### MATERIAL PROVIDED
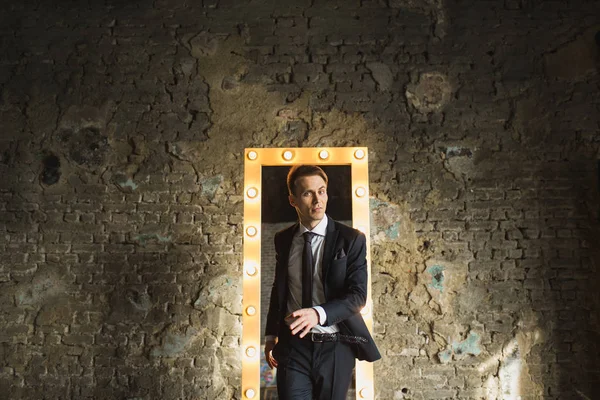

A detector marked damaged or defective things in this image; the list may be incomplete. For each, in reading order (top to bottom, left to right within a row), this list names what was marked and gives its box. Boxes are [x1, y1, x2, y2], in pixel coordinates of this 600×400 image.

peeling plaster patch [200, 175, 224, 200]
peeling plaster patch [426, 266, 446, 290]
peeling plaster patch [150, 326, 199, 358]
peeling plaster patch [438, 332, 480, 362]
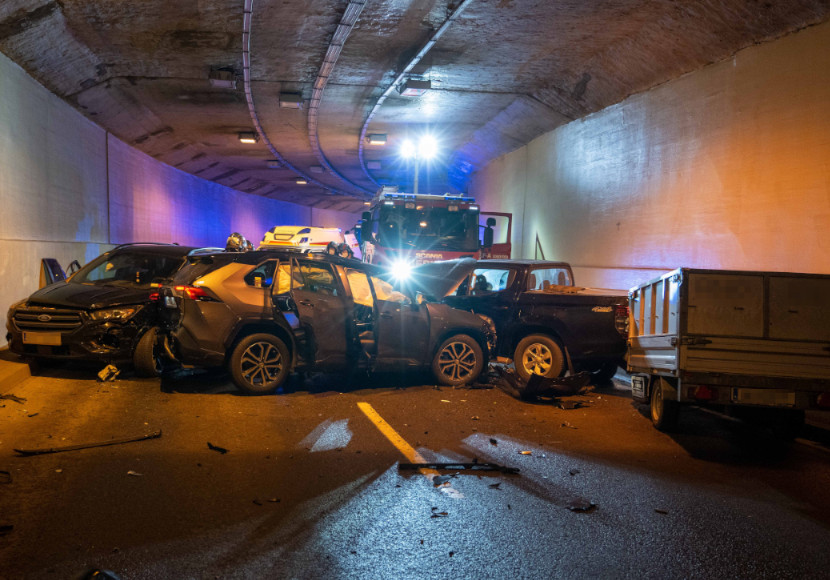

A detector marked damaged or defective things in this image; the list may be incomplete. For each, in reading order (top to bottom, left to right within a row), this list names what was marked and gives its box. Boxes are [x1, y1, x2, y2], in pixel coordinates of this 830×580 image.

crashed black suv [5, 242, 202, 374]
crashed black suv [158, 249, 494, 394]
damaged gray suv [158, 249, 494, 394]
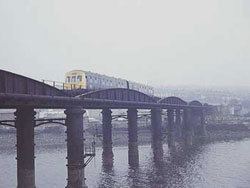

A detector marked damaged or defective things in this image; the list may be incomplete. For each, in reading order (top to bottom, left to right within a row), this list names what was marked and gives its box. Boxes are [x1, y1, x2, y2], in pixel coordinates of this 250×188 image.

rusted metal structure [0, 70, 211, 188]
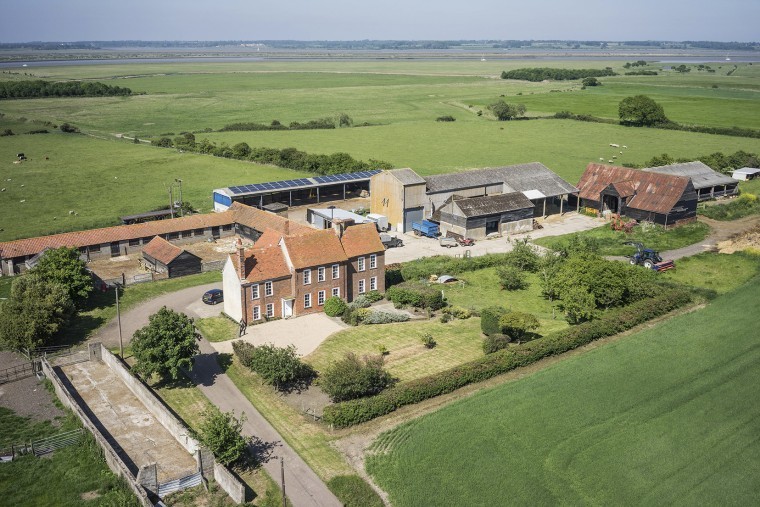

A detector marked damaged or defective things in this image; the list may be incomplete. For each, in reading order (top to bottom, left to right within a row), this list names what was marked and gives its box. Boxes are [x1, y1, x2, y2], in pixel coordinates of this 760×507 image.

rusty roof [580, 165, 692, 214]
rusty roof [282, 229, 348, 270]
rusty roof [340, 223, 382, 258]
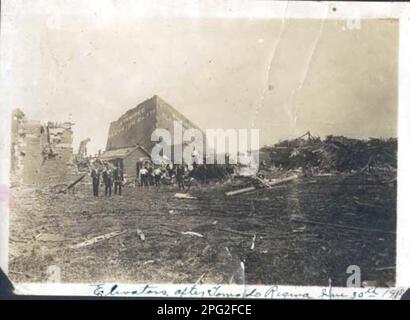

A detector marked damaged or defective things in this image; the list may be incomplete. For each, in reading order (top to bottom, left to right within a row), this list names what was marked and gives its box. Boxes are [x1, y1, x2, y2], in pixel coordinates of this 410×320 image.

broken timber [224, 174, 298, 196]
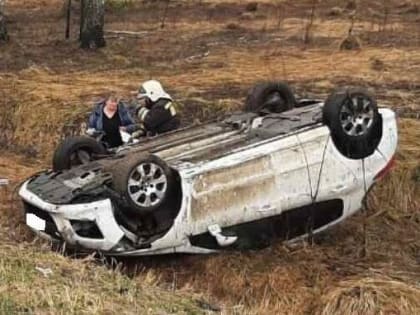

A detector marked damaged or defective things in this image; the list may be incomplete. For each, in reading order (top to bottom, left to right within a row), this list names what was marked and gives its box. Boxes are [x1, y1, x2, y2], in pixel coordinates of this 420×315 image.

overturned white car [18, 83, 398, 256]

### DIRECTIONS FOR THIS TASK
Which lines run from the one containing "this 420×315 image." to the final line of the entries? Return those lines exactly, and only those.

### WRITTEN ANSWER
A detector marked damaged or defective things in this image; the list may be incomplete. For each, in reading order (top to bottom, left to right within a row), this list names what was marked and gives its box. Boxes are [x1, y1, x2, y2], in pixel coordinates of this 420×315 image.

overturned white car [18, 83, 398, 256]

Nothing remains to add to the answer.